Each family in this village had their own bread oven, made of local stone, some bought bricks and a special white clay from the river. I remember gathering wood from the forest for the oven. Yeast was prepared the night before, from our “lievito” that was kept from the dough from the last batch baked.

When I was about 14, I participated in the bread making, but I was still too short to lift the bread into the oven using the long handled wooden paddle, “pala”. We would light the fire “forno” first, located in a separate room off the house. We would use 10 to 14 kilos of flour to make enough loaves for a week. We’d make flat ones to eat first and share with grandparents and aunts and uncles and other villagers. When they made their bread on a different day, they would share their bread with us. Next we’d make 10 or 12 larger loaves.

We had a large wooden trough with sloping sides to mix the dough. In Italy it was often made from one tree that had been carved so that the trough never leaked. When the dough was ready, it was placed on a table in the warm room to rise.

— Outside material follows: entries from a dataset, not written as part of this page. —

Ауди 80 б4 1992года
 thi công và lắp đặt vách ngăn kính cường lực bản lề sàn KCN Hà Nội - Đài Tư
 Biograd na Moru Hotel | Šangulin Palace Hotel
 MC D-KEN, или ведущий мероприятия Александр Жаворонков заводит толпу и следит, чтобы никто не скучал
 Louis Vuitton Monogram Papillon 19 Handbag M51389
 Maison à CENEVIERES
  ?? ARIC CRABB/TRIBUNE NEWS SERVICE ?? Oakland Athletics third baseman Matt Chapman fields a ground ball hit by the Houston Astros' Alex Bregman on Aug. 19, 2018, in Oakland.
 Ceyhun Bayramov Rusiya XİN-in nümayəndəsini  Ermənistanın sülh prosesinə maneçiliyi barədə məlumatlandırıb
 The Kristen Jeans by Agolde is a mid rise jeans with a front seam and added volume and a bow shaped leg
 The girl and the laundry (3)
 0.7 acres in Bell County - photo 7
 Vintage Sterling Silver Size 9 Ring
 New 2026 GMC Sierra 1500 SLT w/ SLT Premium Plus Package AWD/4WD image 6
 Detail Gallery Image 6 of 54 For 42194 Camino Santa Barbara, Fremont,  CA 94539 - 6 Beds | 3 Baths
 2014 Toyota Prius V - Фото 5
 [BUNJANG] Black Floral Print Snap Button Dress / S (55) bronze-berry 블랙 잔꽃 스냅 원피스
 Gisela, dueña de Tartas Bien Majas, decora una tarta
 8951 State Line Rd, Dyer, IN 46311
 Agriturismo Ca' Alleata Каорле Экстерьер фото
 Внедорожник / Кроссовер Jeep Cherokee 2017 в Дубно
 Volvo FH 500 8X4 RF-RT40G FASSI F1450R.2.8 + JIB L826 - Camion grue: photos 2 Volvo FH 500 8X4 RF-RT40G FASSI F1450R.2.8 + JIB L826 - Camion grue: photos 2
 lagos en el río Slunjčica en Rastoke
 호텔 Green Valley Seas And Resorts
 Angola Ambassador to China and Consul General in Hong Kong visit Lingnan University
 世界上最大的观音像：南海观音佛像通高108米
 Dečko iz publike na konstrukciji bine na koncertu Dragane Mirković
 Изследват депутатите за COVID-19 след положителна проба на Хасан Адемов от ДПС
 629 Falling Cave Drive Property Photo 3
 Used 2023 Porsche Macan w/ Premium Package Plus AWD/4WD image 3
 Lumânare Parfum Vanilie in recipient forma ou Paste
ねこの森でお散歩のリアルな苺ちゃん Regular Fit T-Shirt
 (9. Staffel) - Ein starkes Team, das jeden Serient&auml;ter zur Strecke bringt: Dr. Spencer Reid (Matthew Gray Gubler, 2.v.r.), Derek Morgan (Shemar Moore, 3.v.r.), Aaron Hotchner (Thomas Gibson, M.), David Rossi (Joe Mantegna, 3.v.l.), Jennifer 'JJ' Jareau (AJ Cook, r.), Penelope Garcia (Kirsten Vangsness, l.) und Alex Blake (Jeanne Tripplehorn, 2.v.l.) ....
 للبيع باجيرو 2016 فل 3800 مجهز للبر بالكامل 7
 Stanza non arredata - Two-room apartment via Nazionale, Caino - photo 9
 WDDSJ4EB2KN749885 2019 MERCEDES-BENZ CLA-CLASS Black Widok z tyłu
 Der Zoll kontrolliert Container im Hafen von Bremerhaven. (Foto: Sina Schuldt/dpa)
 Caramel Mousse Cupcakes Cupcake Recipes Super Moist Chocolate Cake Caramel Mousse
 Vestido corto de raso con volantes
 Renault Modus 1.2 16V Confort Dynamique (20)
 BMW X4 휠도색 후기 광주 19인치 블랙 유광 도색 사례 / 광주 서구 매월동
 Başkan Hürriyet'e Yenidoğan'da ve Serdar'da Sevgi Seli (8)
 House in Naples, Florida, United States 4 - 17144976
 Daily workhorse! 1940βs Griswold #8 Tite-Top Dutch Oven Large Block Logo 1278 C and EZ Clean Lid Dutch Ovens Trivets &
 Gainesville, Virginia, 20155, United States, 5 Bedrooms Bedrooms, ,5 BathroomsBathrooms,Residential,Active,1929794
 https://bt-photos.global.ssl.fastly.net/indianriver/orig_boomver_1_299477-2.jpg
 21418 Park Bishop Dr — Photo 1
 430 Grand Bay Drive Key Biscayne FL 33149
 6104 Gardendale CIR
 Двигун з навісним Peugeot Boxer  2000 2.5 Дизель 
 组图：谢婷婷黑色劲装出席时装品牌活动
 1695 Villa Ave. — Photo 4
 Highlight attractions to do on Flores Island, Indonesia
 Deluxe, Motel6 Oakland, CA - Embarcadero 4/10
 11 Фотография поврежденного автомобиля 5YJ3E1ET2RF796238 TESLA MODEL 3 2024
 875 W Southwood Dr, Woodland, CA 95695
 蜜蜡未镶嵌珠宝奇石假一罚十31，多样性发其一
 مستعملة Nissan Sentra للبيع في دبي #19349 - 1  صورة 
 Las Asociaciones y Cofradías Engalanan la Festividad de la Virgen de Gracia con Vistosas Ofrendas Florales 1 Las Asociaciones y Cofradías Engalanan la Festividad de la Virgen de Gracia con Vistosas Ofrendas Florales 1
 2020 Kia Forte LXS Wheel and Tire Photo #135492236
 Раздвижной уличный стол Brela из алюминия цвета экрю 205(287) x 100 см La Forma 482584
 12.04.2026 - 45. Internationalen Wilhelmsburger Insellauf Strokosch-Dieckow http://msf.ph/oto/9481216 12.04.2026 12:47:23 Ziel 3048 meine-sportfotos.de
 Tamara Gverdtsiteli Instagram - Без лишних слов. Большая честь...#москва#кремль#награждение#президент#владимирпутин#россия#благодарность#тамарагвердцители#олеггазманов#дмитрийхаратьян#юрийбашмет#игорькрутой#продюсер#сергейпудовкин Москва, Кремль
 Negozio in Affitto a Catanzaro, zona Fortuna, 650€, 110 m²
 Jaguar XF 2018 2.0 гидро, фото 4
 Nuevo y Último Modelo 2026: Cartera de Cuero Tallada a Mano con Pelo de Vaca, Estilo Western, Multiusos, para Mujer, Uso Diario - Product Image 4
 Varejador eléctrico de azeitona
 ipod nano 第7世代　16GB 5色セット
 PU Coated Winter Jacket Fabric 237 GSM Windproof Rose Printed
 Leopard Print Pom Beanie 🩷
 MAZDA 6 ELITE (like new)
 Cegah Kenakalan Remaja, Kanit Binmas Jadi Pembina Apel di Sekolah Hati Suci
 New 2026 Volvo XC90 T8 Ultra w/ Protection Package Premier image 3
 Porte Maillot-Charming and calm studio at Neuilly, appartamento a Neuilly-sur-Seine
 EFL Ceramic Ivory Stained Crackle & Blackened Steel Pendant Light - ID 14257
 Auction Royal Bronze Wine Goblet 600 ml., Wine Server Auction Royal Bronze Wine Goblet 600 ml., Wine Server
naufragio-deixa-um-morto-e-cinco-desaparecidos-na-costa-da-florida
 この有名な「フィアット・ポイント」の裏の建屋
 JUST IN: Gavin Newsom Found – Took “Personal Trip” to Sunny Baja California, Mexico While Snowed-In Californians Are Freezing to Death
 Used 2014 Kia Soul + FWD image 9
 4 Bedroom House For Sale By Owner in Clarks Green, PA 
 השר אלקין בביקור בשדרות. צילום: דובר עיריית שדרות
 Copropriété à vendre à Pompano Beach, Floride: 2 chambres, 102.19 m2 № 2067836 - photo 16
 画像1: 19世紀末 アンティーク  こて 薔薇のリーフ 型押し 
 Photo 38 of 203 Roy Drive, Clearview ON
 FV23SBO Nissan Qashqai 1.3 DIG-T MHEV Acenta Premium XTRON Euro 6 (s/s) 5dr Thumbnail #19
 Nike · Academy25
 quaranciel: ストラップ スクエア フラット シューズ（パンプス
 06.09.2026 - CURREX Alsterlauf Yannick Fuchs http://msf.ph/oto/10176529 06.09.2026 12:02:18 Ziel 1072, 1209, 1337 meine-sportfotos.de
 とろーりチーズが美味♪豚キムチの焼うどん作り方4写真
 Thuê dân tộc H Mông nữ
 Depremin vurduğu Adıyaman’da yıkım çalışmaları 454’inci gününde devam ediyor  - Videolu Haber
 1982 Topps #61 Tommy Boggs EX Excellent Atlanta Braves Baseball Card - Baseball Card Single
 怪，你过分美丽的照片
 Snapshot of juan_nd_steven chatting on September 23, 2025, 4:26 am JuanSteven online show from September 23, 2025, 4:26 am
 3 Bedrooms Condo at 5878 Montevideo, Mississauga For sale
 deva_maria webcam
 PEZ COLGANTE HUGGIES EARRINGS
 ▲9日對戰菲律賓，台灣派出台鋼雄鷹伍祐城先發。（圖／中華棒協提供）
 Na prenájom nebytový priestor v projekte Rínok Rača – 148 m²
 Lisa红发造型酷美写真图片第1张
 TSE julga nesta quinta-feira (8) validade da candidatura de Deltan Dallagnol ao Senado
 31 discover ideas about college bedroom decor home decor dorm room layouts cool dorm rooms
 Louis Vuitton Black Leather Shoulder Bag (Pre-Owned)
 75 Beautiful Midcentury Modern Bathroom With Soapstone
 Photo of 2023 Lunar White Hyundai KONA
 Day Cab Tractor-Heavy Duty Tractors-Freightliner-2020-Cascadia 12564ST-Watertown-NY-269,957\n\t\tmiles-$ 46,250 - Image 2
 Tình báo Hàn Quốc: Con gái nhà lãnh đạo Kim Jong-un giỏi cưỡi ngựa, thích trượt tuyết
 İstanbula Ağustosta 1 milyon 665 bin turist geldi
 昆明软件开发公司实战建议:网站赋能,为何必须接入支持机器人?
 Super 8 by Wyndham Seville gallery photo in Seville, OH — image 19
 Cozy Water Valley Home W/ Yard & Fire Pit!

What I remember most about Italy was the number of children that hung around while the bread baked. We made small rings of bread especially for the children, who received their share first. Maize bread was more demanding, as we had to place chestnut leaves on the bread paddle under each loaf. Lowering the bread into the oven with the leaves intact took special skill.

Bringing the tradition to Australia

In our home in Mundaring we had enough land to build our own breadmaking rooms. My husband built the oven out of fire bricks, and we fitted another room with a table, fridge, sink and hot and cold water. We bought our flour in 50kg bags from a mill in Northam, which sold special bread-making flour. We had a local cabinet maker make a wooden bread trough to mix the dough.

Our starter yeast came from Calabria and was shared among the local women here in Australia. However, over time, I started using commercial dried yeast, as I changed to a mixture of wheat and oats. As well as feeding my family of 8, I also provided bread for family and friends.

A typical day was starting with 10 or more pizzas, then flat bread which cooked quickly and then the loaves that took longer and formed a good crust. This bread had no preservative. One day I started with 28 items of bread and by the end of the day there were only 7 left. People seemed to know when bread making was on and we had lots of visitors that day.

On the pizzas, I always used my own passata. We grew tomatoes and in one memorable season we had a huge crop and produced 500 bottles of passata. My favourite pizza was a simple one with homemade tomato sauce, cheese and oregano.

Method for sauce

Cook onions in olive oil, add salt, the passata which already has basil, cook until thickened. 1 kg of cheese to 10 pizzas. Add home grown, dried oregano. Of course my children liked me to add pineapple and ham.

My daughter Zelinda still makes bread in this traditional way 2 or 3 times a year. I remember working with Zelinda and another Italian family to prepare for a wedding: in one day we cooked 40 pizzas, 7 loaves of bread, and a biscuit recipe that took 50 eggs. This was done in one day, using one bread oven with just one wood burn. What I remember most is that no family celebration took place without homemade pizzas.